I KISSED the top of my wife’s head and followed Sally out into the hall. The nurse looked directly into my eyes. Bad sign. I quickly thought of the unsettling difference in my wife’s room. The nice new sheets. The fresh flowers. Some kind of preparations were being made.

No. Not acceptable.

“We’re getting very close to the end now, Mike,” she said. “I’m sorry. I’m so sorry.”

“How long?” I said, looking at the hall carpet first, then back up at Sally.

“A week,” the nurse said gently. “Probably less.”

“A week?” I said. Even I knew I sounded like a spoiled child. It wasn’t the nurse’s fault. The lady was an angel of mercy.

“Impossible as it is, you have to prepare yourself,” Sally said. “Didn’t you read the book I gave you?”

She’d given me Elisabeth Kübler-Ross’s famous book On Death and Dying. It described the stages in the death process: denial, anger, bargaining, depression, acceptance.

“I guess I’m stuck in the anger part,” I said.

“You’re going to have to unstick yourself, Mike,” the nurse said, annoyed. “Let me tell you something. I’ve seen some cases in this place that, I’m ashamed to say, haven’t affected me all that much.
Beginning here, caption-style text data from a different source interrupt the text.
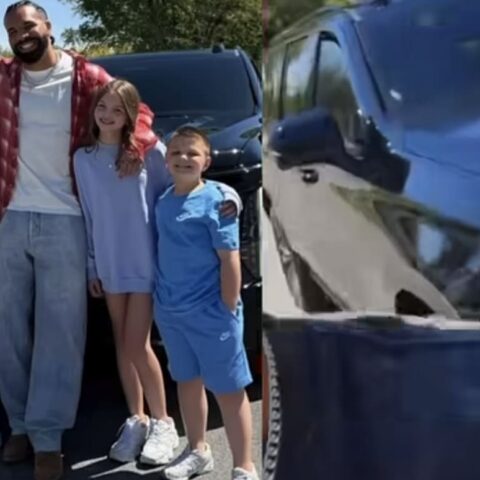 Family of four posing together outdoors in front of a black SUV on a sunny day.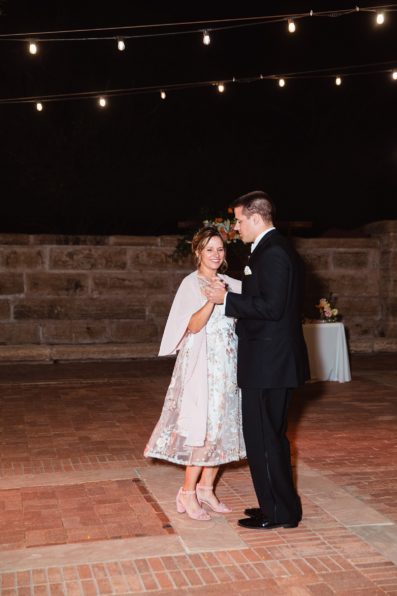 Groom dancing with his mom at Arizona Historical Society wedding reception by Tempe wedding photographer PMA Photography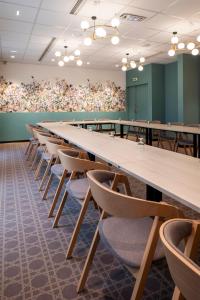 an empty room with rows of tables and chairs at ibis Styles Pontivy centre Bretagne in Pontivy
Your wife is not one of those cases. Maeve needs you to be strong now. It’s time to deal. Oh, and Mike, love your earring.”

I closed my eyes and felt my face flush red with anger and embarrassment as I heard the nurse walk off. There was something unending about the pain I felt pass through me then. It seemed incredibly powerful, as if it would burst out of my chest like a bomb blast, stop the world, stop all life everywhere.

It passed after a moment when I heard someone in one of the other rooms click on a TV.

Apparently not, I thought as I opened my burning eyes and headed for the elevators.

Chapter 80

I CALLED HOME on my cell phone as I left the hospital and hurried toward my car. Julia picked up.

“How’s Mom?” she said.

In homicide interrogations, sometimes it takes lying very convincingly in order to extract a confession. At that moment, I was glad I’d had some practice.

“She looks great, Julia,” I said. “She sends her love. To you, especially. She’s so proud of the way you’ve been taking care of your sisters. So am I, by the way.”

“How are you, Dad?” Julia said. Was that static or extremely mature concern in my baby’s voice? I remembered that she’d be heading to high school next year. How the heck had my little girl grown up without me noticing?